I ask myself things as I stare into my behemoth laundry pile (my own personal chaos monster).
How do I do these things consistently when they are consistently saying my name…over…and over…and over…again? Or, when we are running late and it’s mainly my fault but they’re not helping the situation by not wanting to put on their shoes. How can I celebrate the little things when the pinterest recipe I tried in an attempt to be a good mommy comes out looking like something straight out of Clark’s Christmas vacation?

I find myself trying so hard.
Even when Christ says, that we don’t really need to do that.
Our efforts are important.
But, being still and quiet at the center is what brings life to our efforts.
And grace can enter into these moments both shining and dark.
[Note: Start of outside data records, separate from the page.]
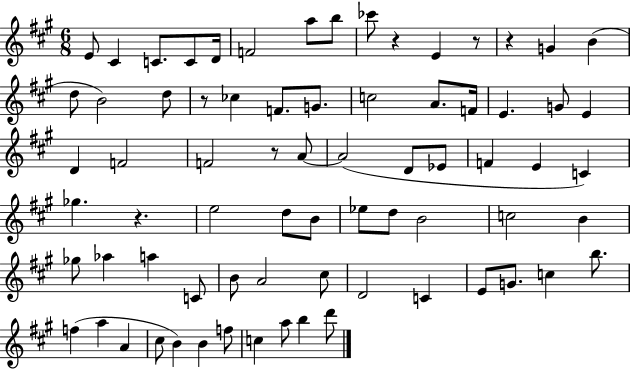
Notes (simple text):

E4/e C#4/q C4/e. C4/e D4/s F4/h A5/e B5/e CES6/e R/q E4/q R/e R/q G4/q B4/q D5/e B4/h D5/e R/e CES5/q F4/e. G4/e. C5/h A4/e. F4/s E4/q. G4/e E4/q D4/q F4/h F4/h R/e A4/e A4/h D4/e Eb4/e F4/q E4/q C4/q Gb5/q. R/q. E5/h D5/e B4/e Eb5/e D5/e B4/h C5/h B4/q Gb5/e Ab5/q A5/q C4/e B4/e A4/h C#5/e D4/h C4/q E4/e G4/e. C5/q B5/e. F5/q A5/q A4/q C#5/e B4/q B4/q F5/e C5/q A5/e B5/q D6/e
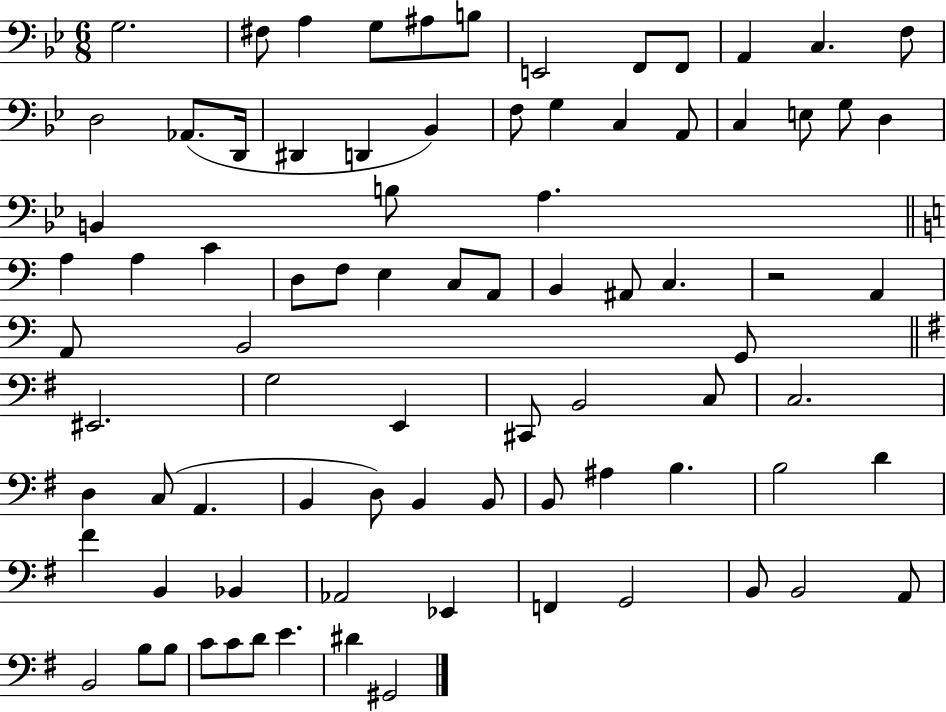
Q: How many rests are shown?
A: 1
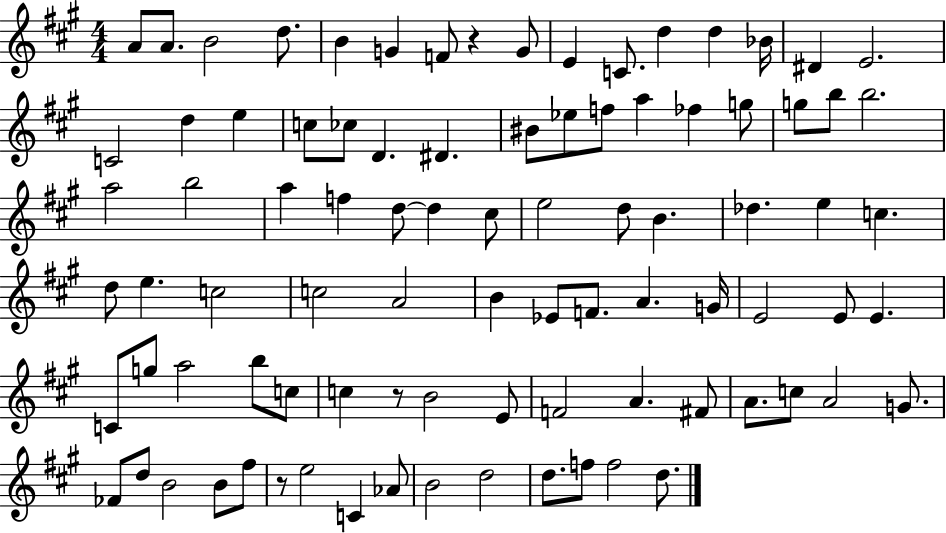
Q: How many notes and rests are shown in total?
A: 89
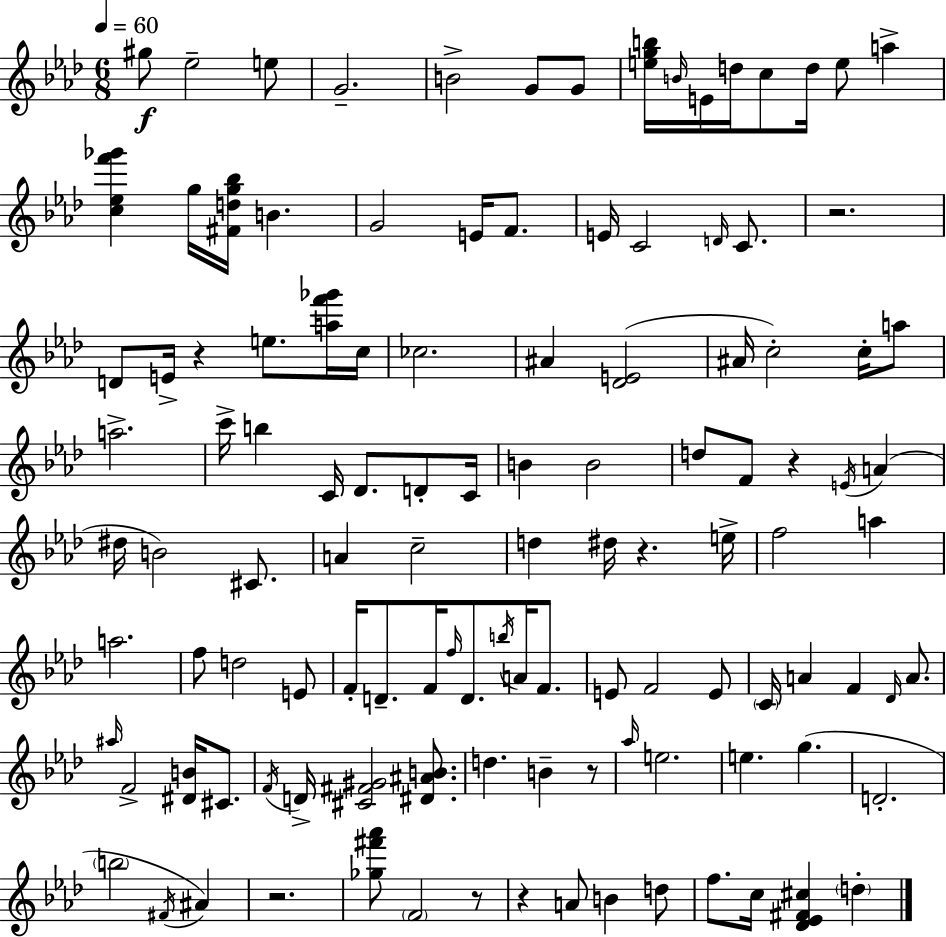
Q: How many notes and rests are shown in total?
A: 116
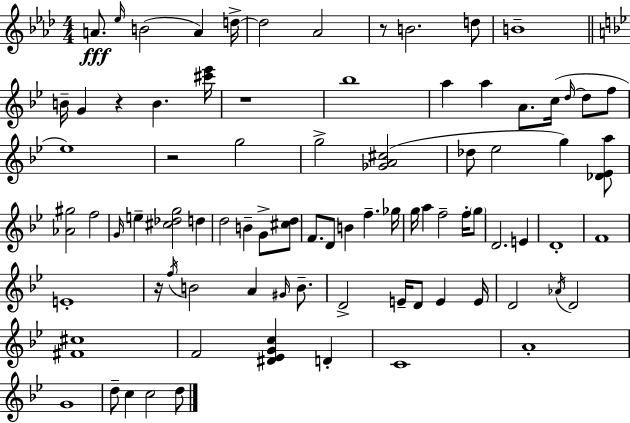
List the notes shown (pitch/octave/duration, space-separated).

A4/e. Eb5/s B4/h A4/q D5/s D5/h Ab4/h R/e B4/h. D5/e B4/w B4/s G4/q R/q B4/q. [C#6,Eb6]/s R/w Bb5/w A5/q A5/q A4/e. C5/s D5/s D5/e F5/e Eb5/w R/h G5/h G5/h [Gb4,A4,C#5]/h Db5/e Eb5/h G5/q [Db4,Eb4,A5]/e [Ab4,G#5]/h F5/h G4/s E5/q [C#5,Db5,G5]/h D5/q D5/h B4/q G4/e [C#5,D5]/e F4/e. D4/e B4/q F5/q. Gb5/s G5/s A5/q F5/h F5/s G5/e D4/h. E4/q D4/w F4/w E4/w R/s F5/s B4/h A4/q G#4/s B4/e. D4/h E4/s D4/e E4/q E4/s D4/h Ab4/s D4/h [F#4,C#5]/w F4/h [D#4,Eb4,G4,C5]/q D4/q C4/w A4/w G4/w D5/e C5/q C5/h D5/e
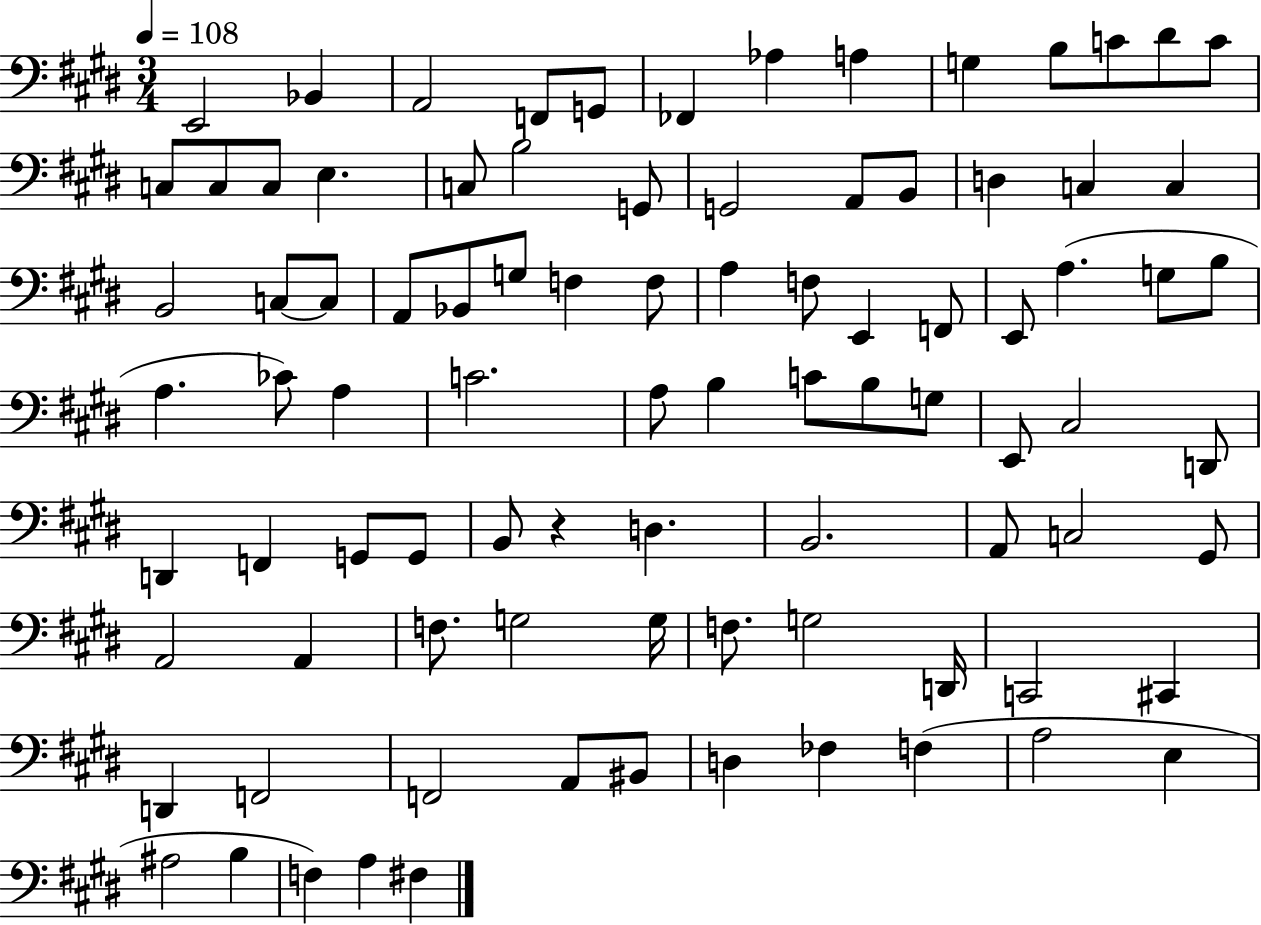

We find ourselves beloved.

And we give everything we have to our spouses, our children, our jobs, our friends.
And we can afford to do so because we’ve already received all that God has to give.
In Christ.


The words I write are words that I actually believe and want to live. And I know the temptation is there to forget them, push them aside for worries, and leanings on my own understandings of how things should work. But God says, trust in the Lord.

With all of our hearts.
Acknowledging the Source.
In our ways.
He’ll guide us.
And help us to listen, to become a welcoming people, to be ourselves–our true created selves, to be helpers of our children, to be able to notice things outside of ourselves, and to celebrate the smallest of things. Because in those small things we find the essence of our lives. We find evidence of God’s great and unconditional love for each one of us.